= Oodua Peoples Congress =

Nationalist movement in Nigeria

The Oodua Peoples Congress (OPC) is a Yoruba nationalist, regionalist, and vigilante organization in Nigeria.
It is also known as the Oodua Liberation Movement (OLM) or the Revolutionary Council of Nigeria. It is based in southwestern Nigeria and has grassroots support within the Yoruba ethnic community.

==History==
The Oodua Peoples Congress was formed by a group of Yoruba elites and artisans which included Dr. Fredrick Fasehun (founder and its first national leader).

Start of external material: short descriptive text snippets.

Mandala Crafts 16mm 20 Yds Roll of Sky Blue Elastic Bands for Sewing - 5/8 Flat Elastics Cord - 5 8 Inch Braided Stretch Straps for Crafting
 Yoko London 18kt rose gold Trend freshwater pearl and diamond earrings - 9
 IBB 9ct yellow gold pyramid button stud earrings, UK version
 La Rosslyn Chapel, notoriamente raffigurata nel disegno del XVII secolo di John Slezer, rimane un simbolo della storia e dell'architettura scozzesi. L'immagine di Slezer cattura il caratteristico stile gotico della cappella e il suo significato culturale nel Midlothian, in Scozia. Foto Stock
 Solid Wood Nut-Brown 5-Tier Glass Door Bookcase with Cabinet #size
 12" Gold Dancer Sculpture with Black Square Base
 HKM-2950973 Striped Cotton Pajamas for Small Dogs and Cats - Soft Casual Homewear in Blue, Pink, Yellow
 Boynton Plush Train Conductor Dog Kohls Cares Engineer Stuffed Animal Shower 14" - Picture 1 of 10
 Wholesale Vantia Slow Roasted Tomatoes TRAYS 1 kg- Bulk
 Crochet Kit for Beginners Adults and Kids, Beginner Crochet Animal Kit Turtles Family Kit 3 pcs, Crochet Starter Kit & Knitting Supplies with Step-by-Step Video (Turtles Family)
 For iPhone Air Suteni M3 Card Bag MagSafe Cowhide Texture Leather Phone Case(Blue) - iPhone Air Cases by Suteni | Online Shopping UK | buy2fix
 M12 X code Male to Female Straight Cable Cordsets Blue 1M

They decided to form an organization to actualize the annulled mandate of Chief Moshood Kashimawo Olawale Abiola, a Yoruba who most people believed to be on his way to winning the presidential election of 12 June 1993, which was subsequently annulled by the military government before vote tallying was complete.

Although the founding president of the OPC was Frederick Fasehun, in 1999 a faction led by Gani Adams broke off from the main organization, but continued usage of the main party's name. Until his death in 2018, Fasehun was widely held by the Yoruba to be the leader of the OPC. He bestowed Ganiu Adams with the title of the National Coordinator in other to bring the factions under one body, while he remained its president and founding father.
In December 1999, the newly formed Arewa People's Congress said it would begin full self-defense training for northern residents in reaction to attacks on Hausas by the OPC.
After Fasehun's death, Oodua People's Congress the factions continued and the Fasheun faction elected a new leader, Prince Oshibote. This was in line with Fasehun's wishes before he died.